Down to the last line of the listing, starting at the one with "SOLD New 2023", retype each line exactly. Do not copy the pictures.
### Data excerpt ###
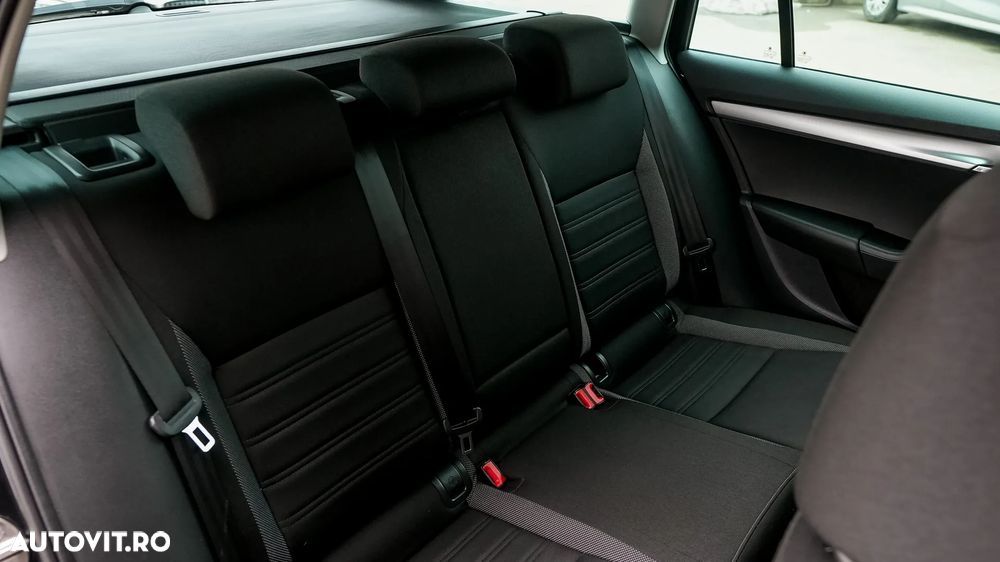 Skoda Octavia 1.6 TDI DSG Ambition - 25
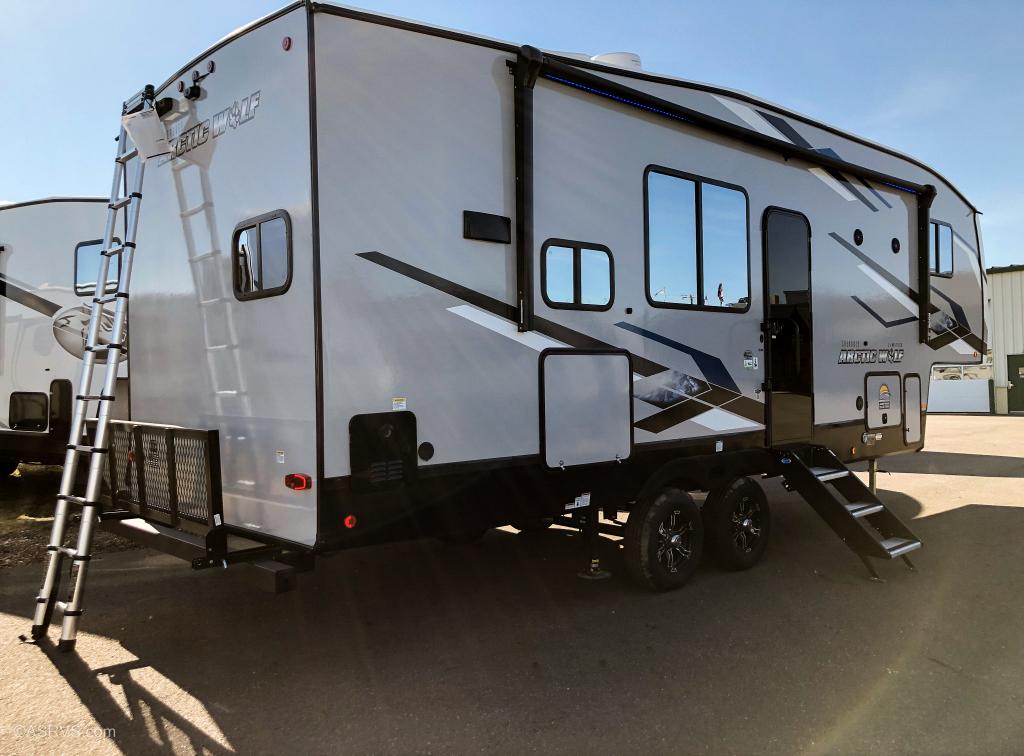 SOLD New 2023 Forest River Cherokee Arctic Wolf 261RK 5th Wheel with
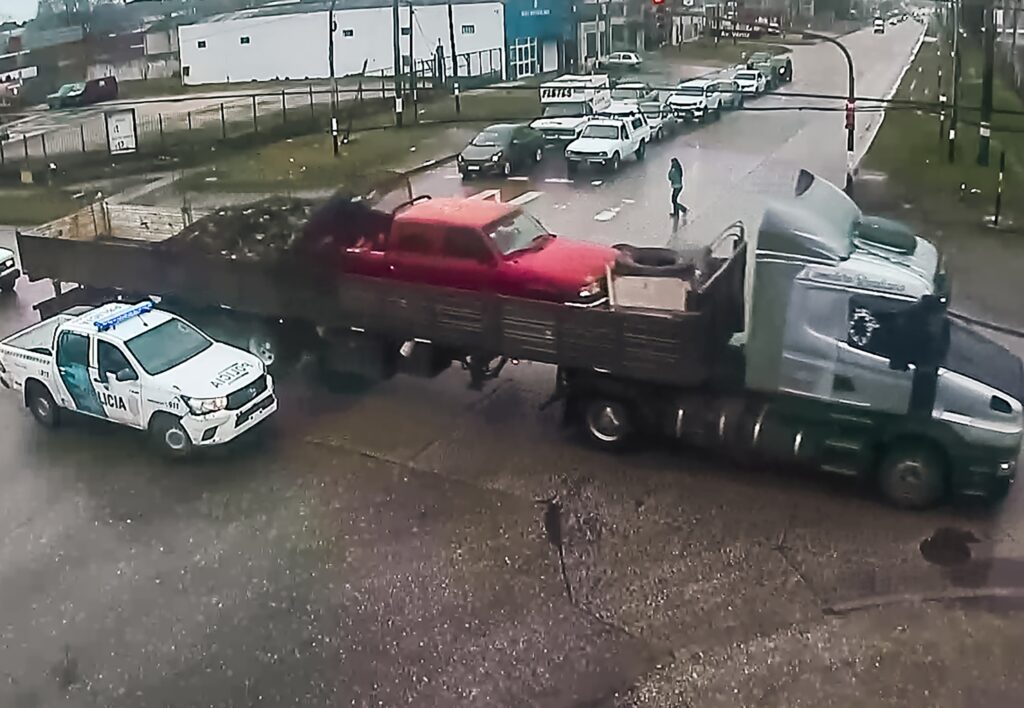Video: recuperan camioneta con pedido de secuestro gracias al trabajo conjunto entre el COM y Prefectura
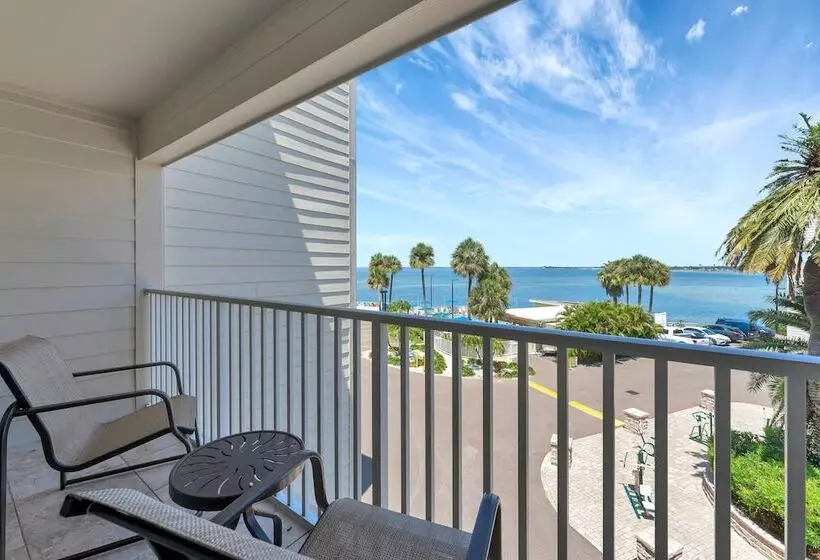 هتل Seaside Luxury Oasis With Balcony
###
Written answer:
 SOLD New 2023 Forest River Cherokee Arctic Wolf 261RK 5th Wheel with
Video: recuperan camioneta con pedido de secuestro gracias al trabajo conjunto entre el COM y Prefectura
 هتل Seaside Luxury Oasis With Balcony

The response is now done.